──────── Extracted material ────────
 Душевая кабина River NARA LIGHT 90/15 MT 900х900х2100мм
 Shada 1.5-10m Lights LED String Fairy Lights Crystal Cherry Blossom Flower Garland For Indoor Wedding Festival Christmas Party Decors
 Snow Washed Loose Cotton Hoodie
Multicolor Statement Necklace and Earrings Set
────────
──────── Extracted material ────────
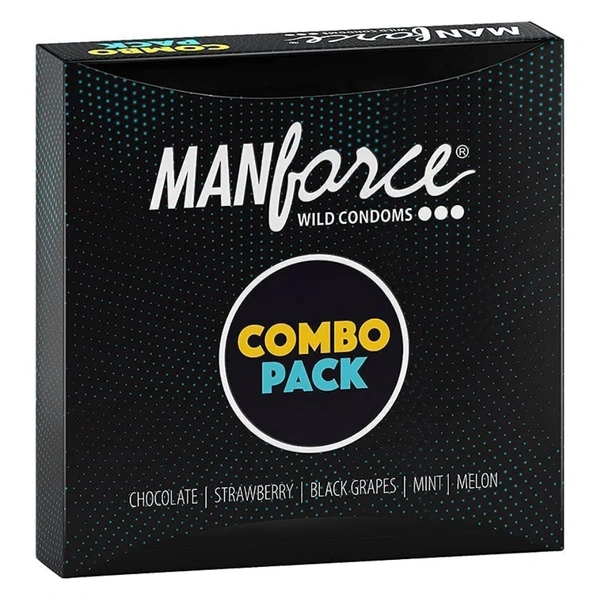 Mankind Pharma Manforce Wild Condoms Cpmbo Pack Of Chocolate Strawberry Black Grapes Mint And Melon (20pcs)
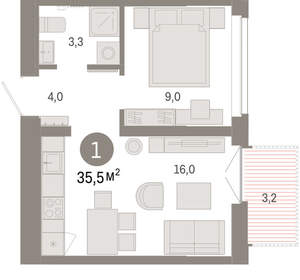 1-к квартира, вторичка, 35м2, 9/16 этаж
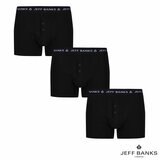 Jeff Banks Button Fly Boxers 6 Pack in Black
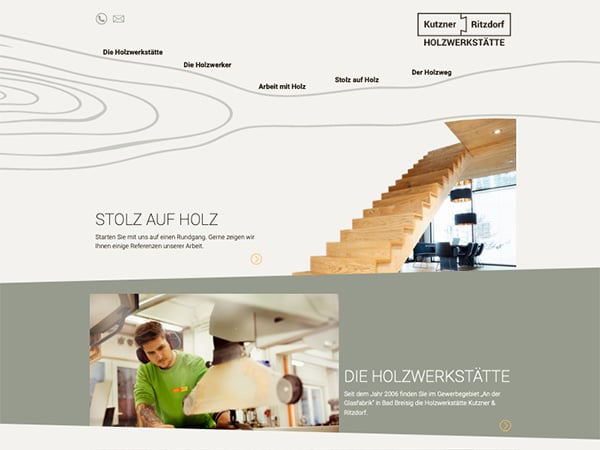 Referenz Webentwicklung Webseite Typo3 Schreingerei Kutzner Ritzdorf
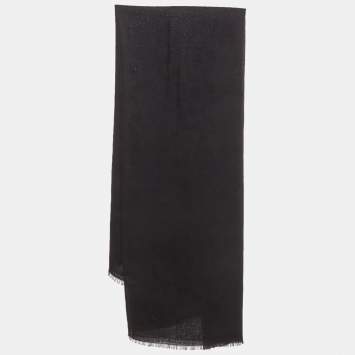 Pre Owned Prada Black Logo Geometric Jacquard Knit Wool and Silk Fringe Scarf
────────
──────── Extracted material ────────
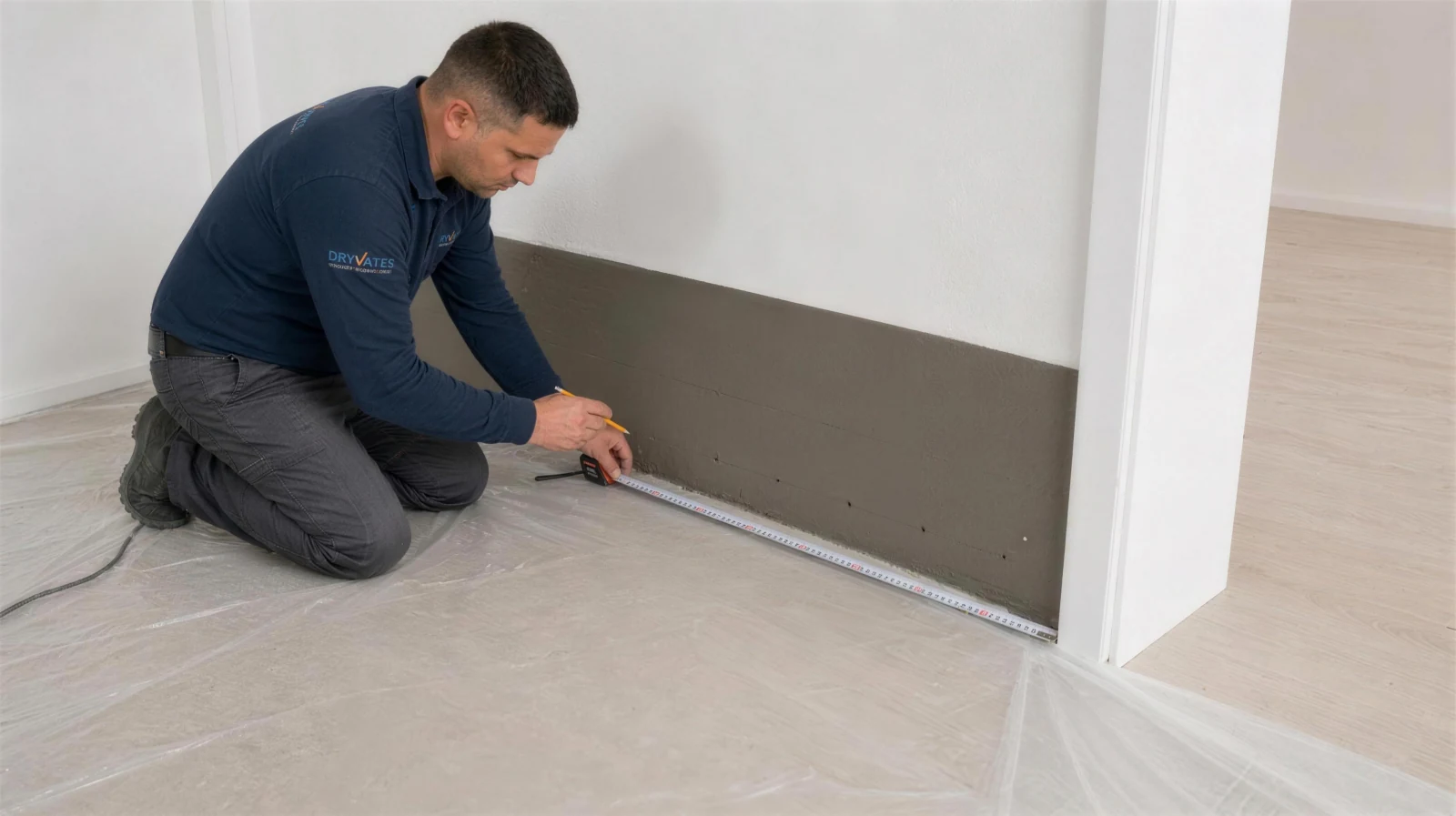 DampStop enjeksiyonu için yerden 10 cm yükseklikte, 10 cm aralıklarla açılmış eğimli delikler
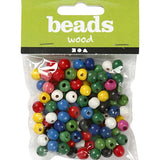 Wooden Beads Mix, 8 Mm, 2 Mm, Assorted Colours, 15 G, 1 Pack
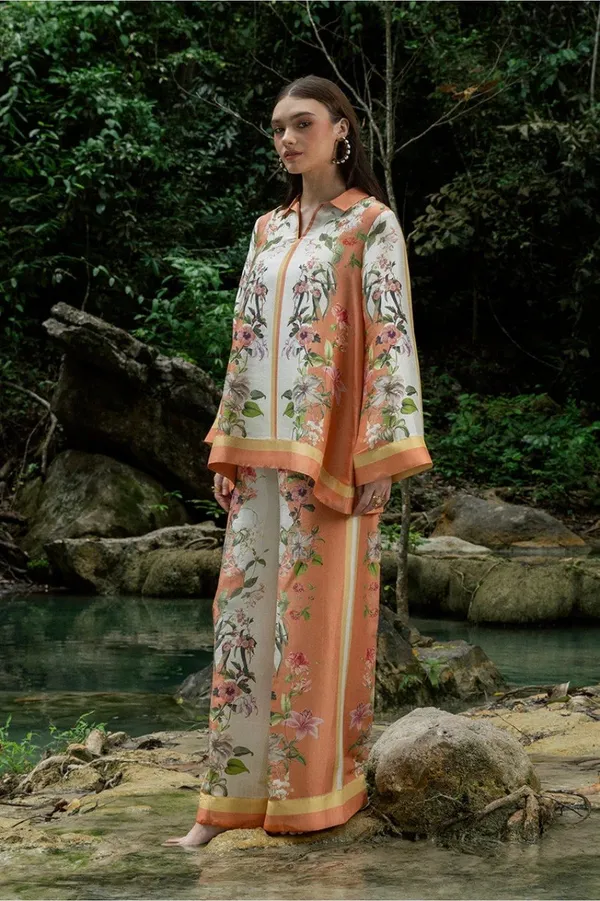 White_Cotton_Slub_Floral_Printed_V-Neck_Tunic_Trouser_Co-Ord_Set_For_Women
────────
Task objective
Copy the lines above exactly, starting at the one with "Jeff Banks Button Fly Boxers 6 Pack in Black" and ending at the one with "Pre Owned Prada", both included. Leave out any pictures and add nothing else.

Solution
 Jeff Banks Button Fly Boxers 6 Pack in Black
 Referenz Webentwicklung Webseite Typo3 Schreingerei Kutzner Ritzdorf
 Pre Owned Prada Black Logo Geometric Jacquard Knit Wool and Silk Fringe Scarf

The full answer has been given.